The organization, Physicians for a National Health Plan, is often attacked. Yet economist Uwe Reinhardt believes it is a great facotr in the health care debate. The work our leaders produce is of the quality necessary to make the information credible.
Dr Kahn: How do you calculate the costs of the private and public sectors? How do you estimate the public sector costs?
Dr McCanne: All direct government subsidies equal 50% of expenditures on American health care. If you add the employer plans purchased by government for its own workers, it increases the expenditures up to to 60%.
Dr Kasovac: Explain the health exchanges.
Dr McCanne: The PPACA legislation includes the requirement that each state create a “health exchange”, a market place where small employers can go to find affordable health plans. The State of Massachusetts, through the legislation that then Governor Mitt Romney championed, already has such an exchange. Employers in Massachusetts are mandated have have health insurance for their employees.
Dr Kahn: It’s like a flea market for health plans!
Dr McCanne: I’ve heard of the possibility that several big employers are waiting to see how these will work, and might abandon more expensive plans if less costly alternatives can be found.
Dr Kahn: Would these be plans with low premiums that only cover catastrophic events?
Dr McCanne: For the most part, such plans are not permitted. They have to meet standards that take account of their medical loss ratio, and there will be a list of standard benefits. Many prople not eligible for Medicaid or Medicare will be forced into those plans. Once they are in a plan, they will help subsidize the health care expenditures. These plans will evolve, and teh grandfathered plans will get some relief.
Dr Kahn: Who develops the list of standard benefits?
Dr McCanne: The Institute of Medicine.
Dr Kasovac: Why don’t they use something like the Medicare standards?
Dr McCanne: Because Medicare has a more expensive population. We speak of an improved Medicare for all, which would put everyone in the risk pool, whereas now the least health people comprise it. The health exchanges should prove to be a somewhat more progressive way of financing health insurance.
Basically, how these plans will work will be determined by the United States Department of Health and Human Services. Thye have been quietly working behind the scenes. They have a good idea of the actuarial values. By the time you establish all of the medical benefits, you have to then figure out how to deal with mental health.
Dr Kahn: Why not adopt the Canadian approach to financing health care?
Dr McCanne: The conservative message has bashed the Canadian system, even though it worked better thanour system.

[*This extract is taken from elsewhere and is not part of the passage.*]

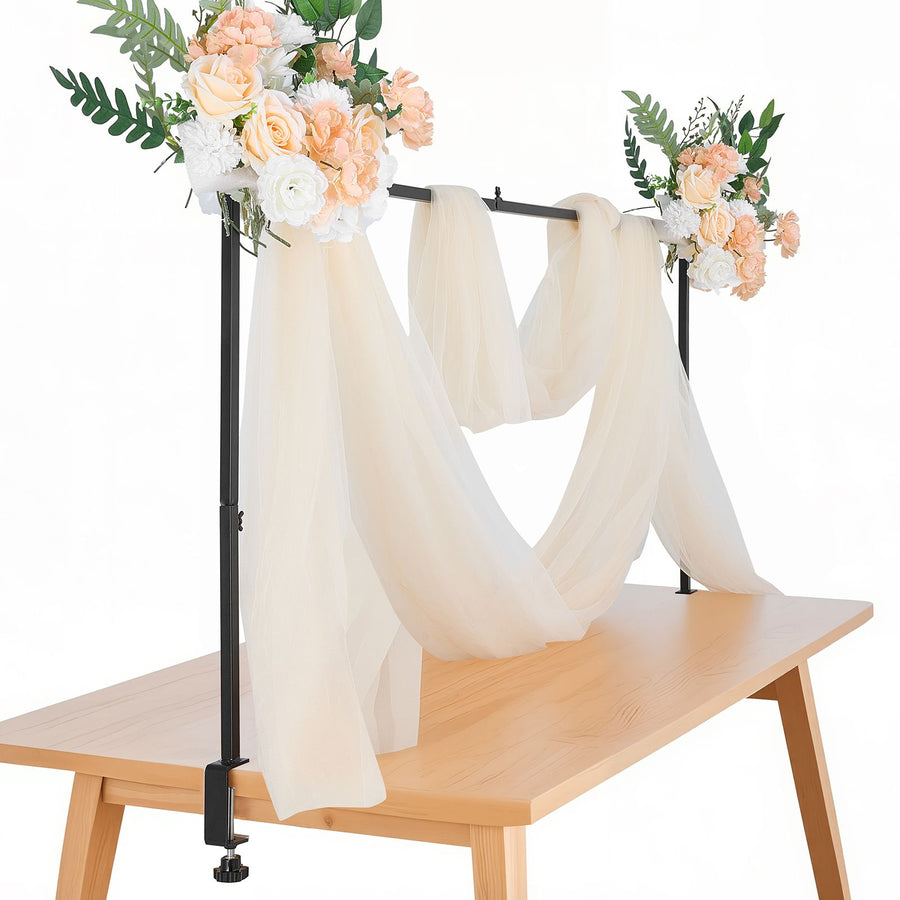 Over The Table Rod Stand with Clamps, 13"-42" Tall & 28"-98" Length Adjustable, 2 Packs Table Arch Stand, Tabletop Balloon Arch Frame for Wedding Birthday Party Christmas Decorations, Black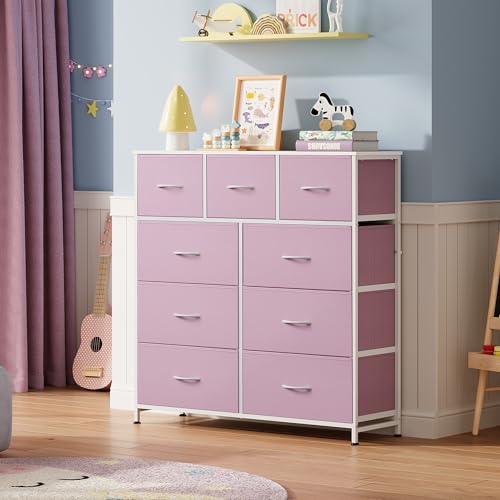 WLIVE 9 Drawer Dresser for Bedroom, Tall Chest of Drawers, A-Pink - color: A-pink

However, it is not without problems. Yesterday, the Frazer Institute of Canada, a conservative think tank, showed that most of Canada’s health care finances are unsustainable.
Dr Kahn: Maybe we should talk about current cost-shifting from ambulatory care to the hospital sector. The North Carolina Community Care study assigned patients to medical homes, then studied the costs. It demonstrated that if you manage diabetes and ashtma in ambulatory settings, the savings in avoidng ER and hospitalization allows the subsdirzaiton of preventive services.
Dr McCanne: In fact the PNHP studied the North Carolina Health Foundation and found some tradeoffs. As rates go down, those participating lose access, as more providers drop out. Although the initial shift seemed positive, it didn’t look like the program created a beneficial steady state. The North Carolina study is being used to support the idea of commercial ACOs. The PNHP emphatically supports Medicare.
Submitted by William H. Burnett, Breakout Group 7 scribe.